‘Good education limited to cities’

Vasco (Goa), March 30 (IANS) Educational researcher Sugata Mitra said here Saturday that good education in India was limited to only those in cities and that the quality of education is dismal in rural India.

Mitra, who recently won $1 million in prize money for innovation in education techniques, told IANS: “In India, good education appears to be the fiefdom of those living in urban areas. The further you go away towards rural parts of India, the quality of education deteriorates rapidly.”

“Good teachers migrate to cities in search of better opportunities, leaving the not-so-good ones behind. Training the existing teachers is the next best option. But after the training, the trained teachers migrate to the cities too,” he said.

“Training more teachers isn’t a solution,” he said, adding that the “Internet could work as a great leveler in such a piquant situation”.

“The Internet performs in the same manner, be it in urban or rural areas,” he said.

Mitra said that he was scouting for a place to set up his ‘School in the Cloud,’ a learning lab for children, in India.

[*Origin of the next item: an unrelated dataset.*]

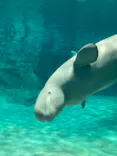 名古屋港水族館に投稿された画像（2023/8/10）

“We are excited to be starting work on it soon but there are still a lot of loose ends to be tied up. We need a place which does not have a school nearby but yet has electricity and broadband connectivity. We have a few options in Western India, the Sundarbans and Orissa,” he said.

Mitra said that while ideas and engineering innovations were necessary, sustainability was an issue which was necessary to ensure that projects like the globally acclaimed ‘Hole in the Wall’ – project started in 1999 – lasted the distance.

“I would probably have shifted to tablets,” he said, when asked what modifications would he made to his project, which involved installing a computer near a slum in New Delhi.

‘Hole in the Wall’ was an eye-opener because it drove home a previously unimaginable message that children who were deprived of English language skills and were computer illiterates gradually learnt to use a computer to their advantage.

Mitra, a professor of educational technology at the Newcastle University, recently won the $1 million TED prize. He is known for his pursuit of “minimally invasive education”, which advocates a rethink of conventional schooling systems.